**EXERCISE DETAILS**. Only the stretch below from the line holding "photo thumbnail #8" through the line holding "United States Half Cent 1829 obverse.jpg" should be restated, word for word and with both ends included; pictures stay out.

**RECORDED DATA**.
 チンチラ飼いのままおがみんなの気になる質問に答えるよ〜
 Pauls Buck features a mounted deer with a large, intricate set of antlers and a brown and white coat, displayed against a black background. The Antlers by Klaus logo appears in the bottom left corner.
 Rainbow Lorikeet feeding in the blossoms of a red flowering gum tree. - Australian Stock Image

---

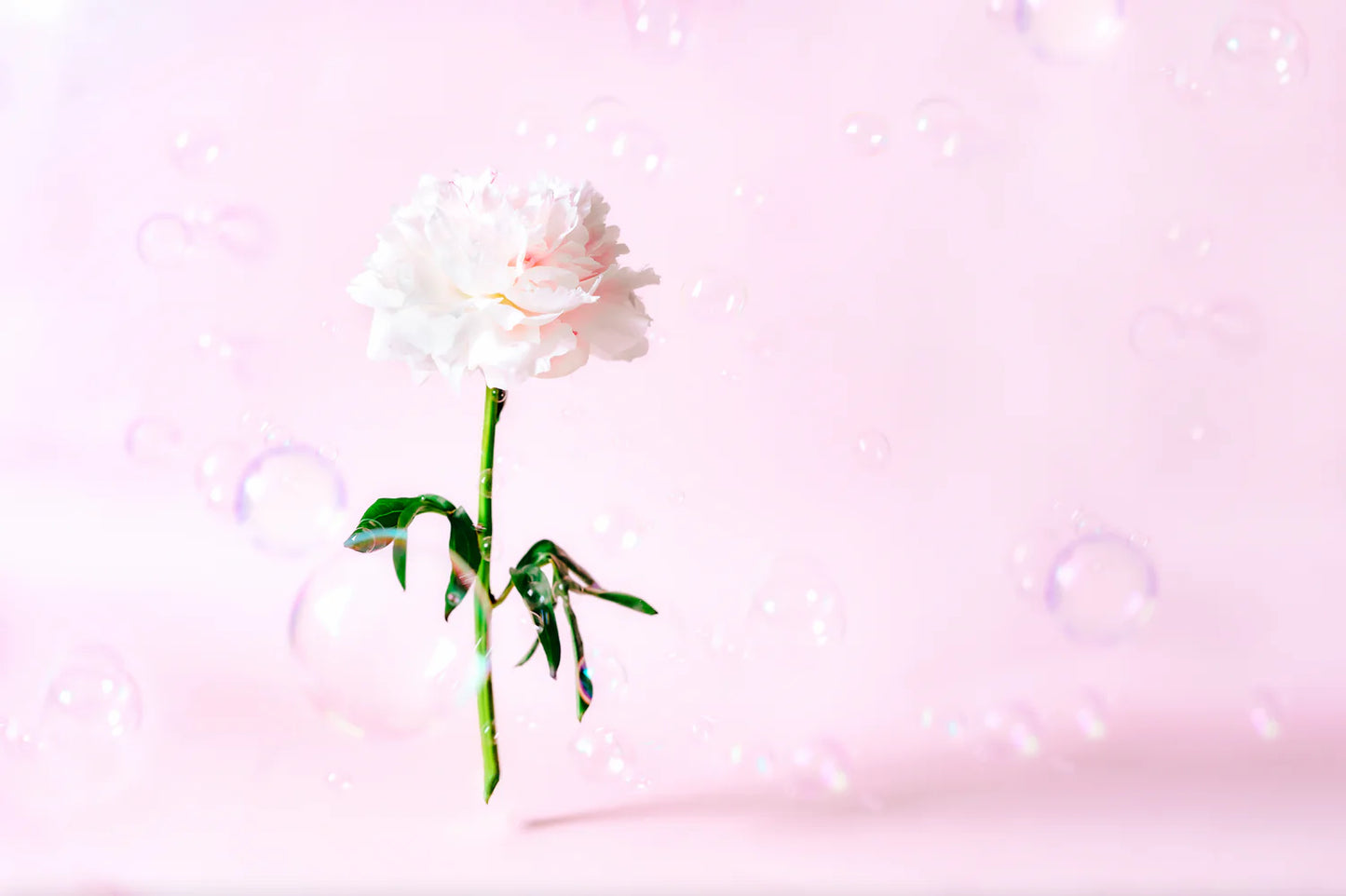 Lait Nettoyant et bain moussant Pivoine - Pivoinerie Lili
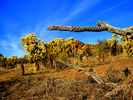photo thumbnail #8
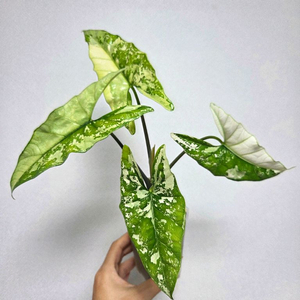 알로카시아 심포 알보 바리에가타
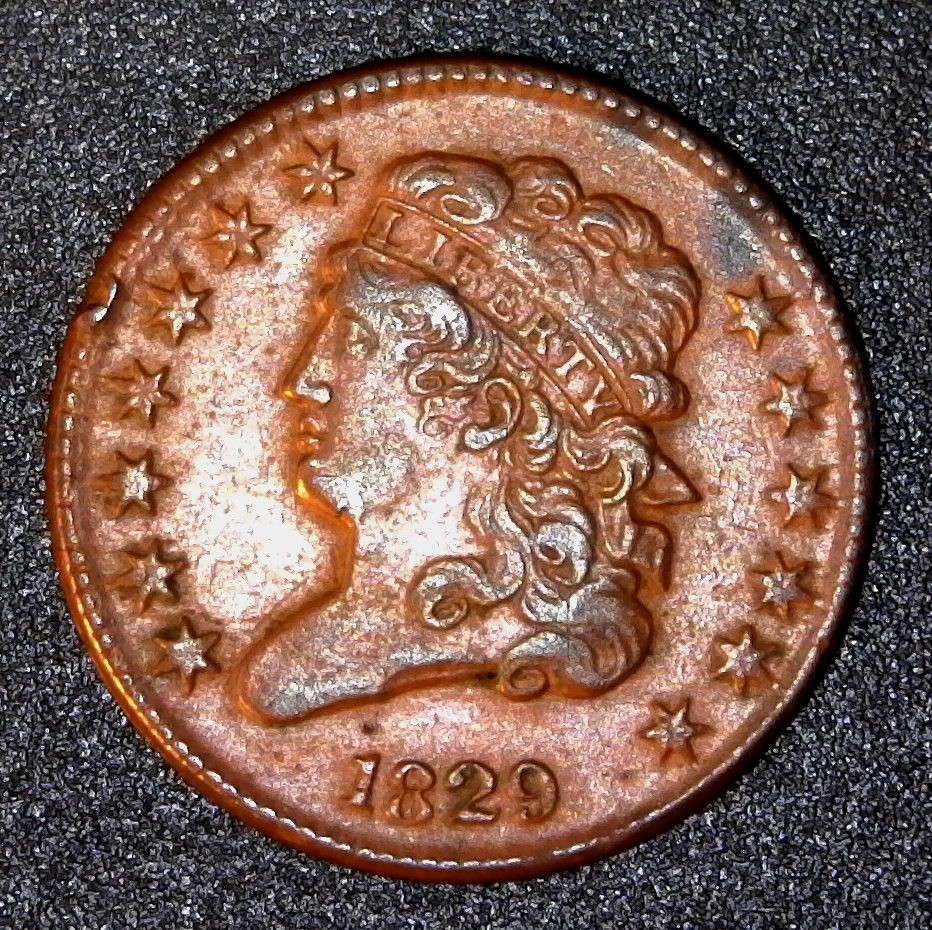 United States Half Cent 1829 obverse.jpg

**SOLUTION FOR THIS TASK**.
photo thumbnail #8
 알로카시아 심포 알보 바리에가타
 United States Half Cent 1829 obverse.jpg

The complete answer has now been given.